(DATA FOR PROCESSING)

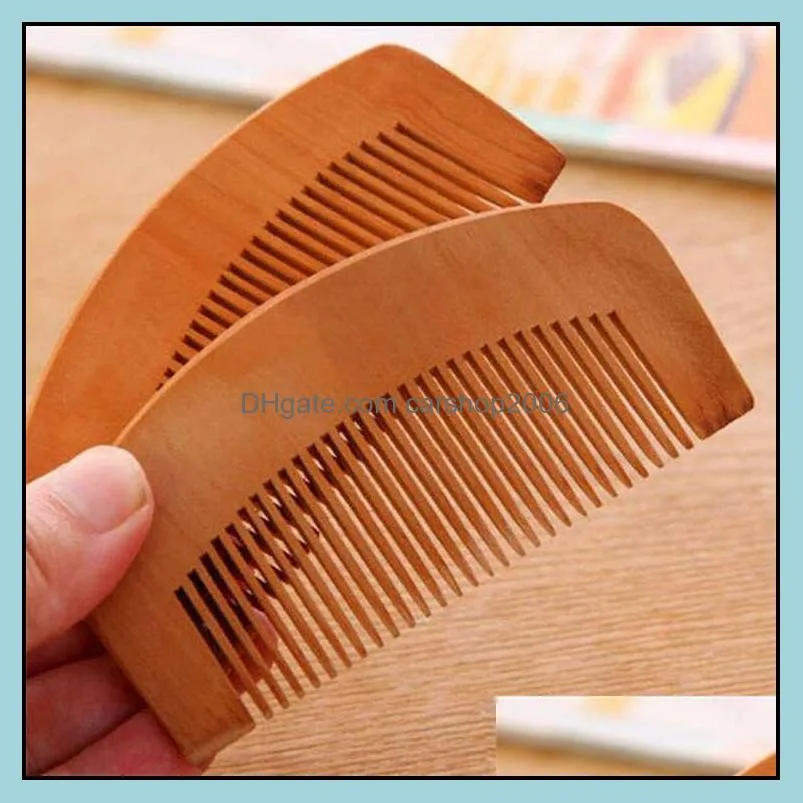 wood comb custom your logo beard comb customized combs laser engraved wooden hair comb for men grooming sun moon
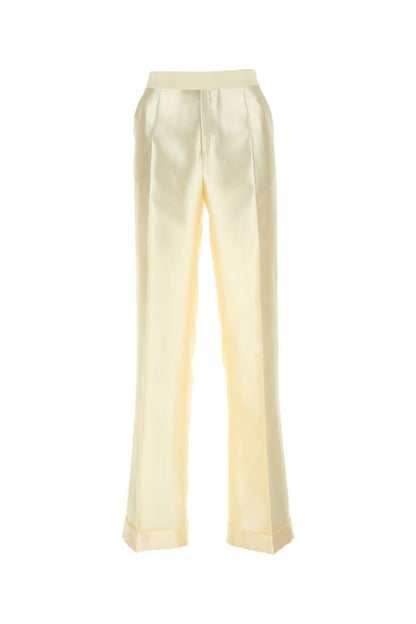 MAISON MARGIELA | ivory viscosa blend wide-leg pant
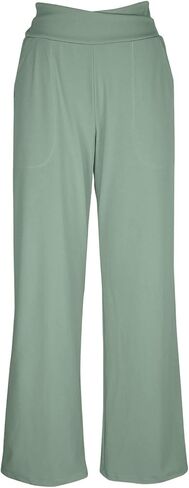 Wide Leg Yoga Pants for Women High Waisted Lightweight Relaxed Lounge Pants Soft Gym Fitted Workout Leggings in Saudi Arabia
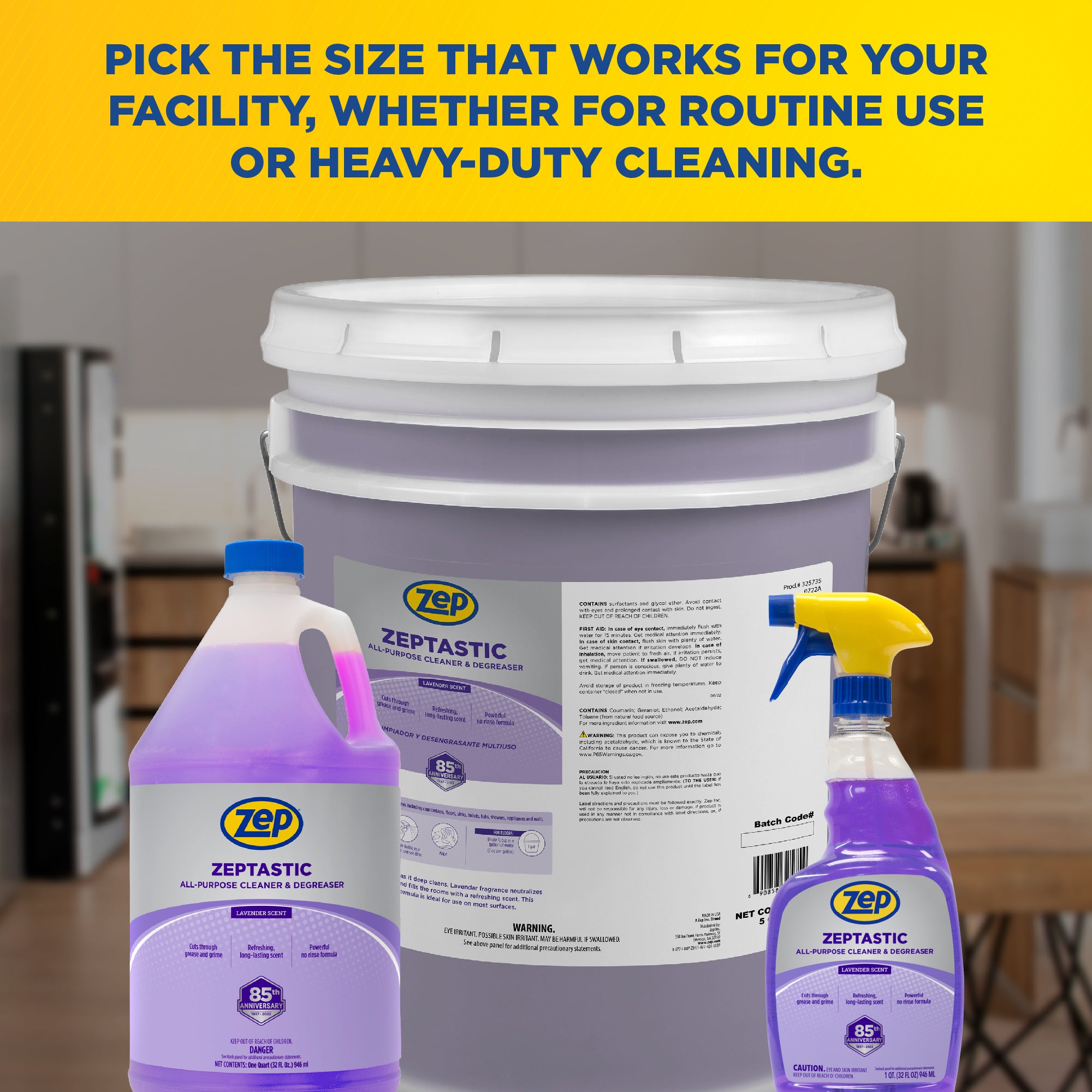 Zeptastic All-Purpose Cleaner & Degreaser with Lavender Scent- 1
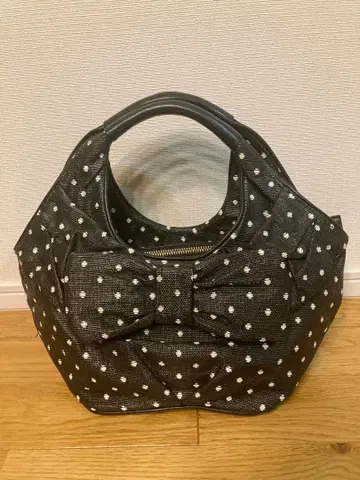 케이트 스페이드 리본 도트 무늬 백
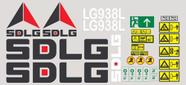 Kit Adesivos - SDLG LG938L - Compatível Com Pá Carregadeira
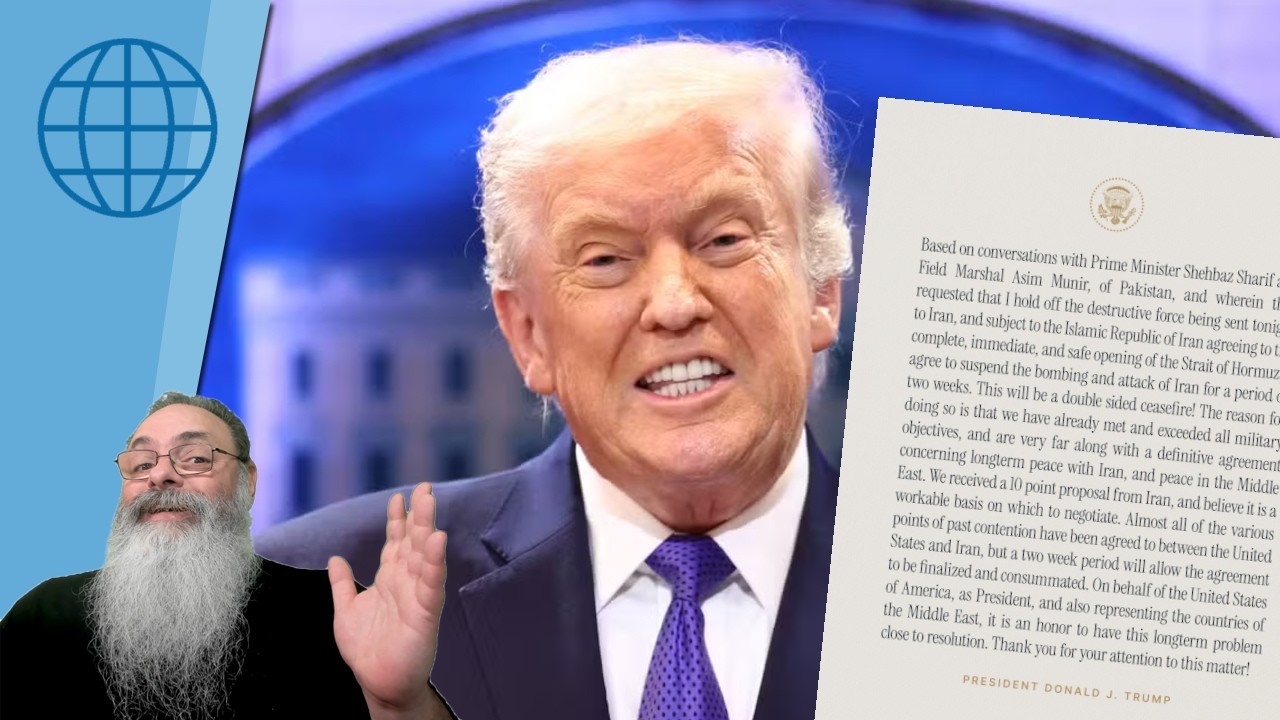 TRUMP volta atrás (TACO?) e CONCEDE DUAS SEMANAS de TRÉGUA para o IRÃ para CHEGAR a um ACORDO FINAL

(End DATA FOR PROCESSING)

▶ TO DO:
Copy word for word each line of the data above, from the first through the one containing "Wide Leg Yoga", and include no pictures.

▶ EXERCISE ANSWER:
 wood comb custom your logo beard comb customized combs laser engraved wooden hair comb for men grooming sun moon
 MAISON MARGIELA | ivory viscosa blend wide-leg pant
 Wide Leg Yoga Pants for Women High Waisted Lightweight Relaxed Lounge Pants Soft Gym Fitted Workout Leggings in Saudi Arabia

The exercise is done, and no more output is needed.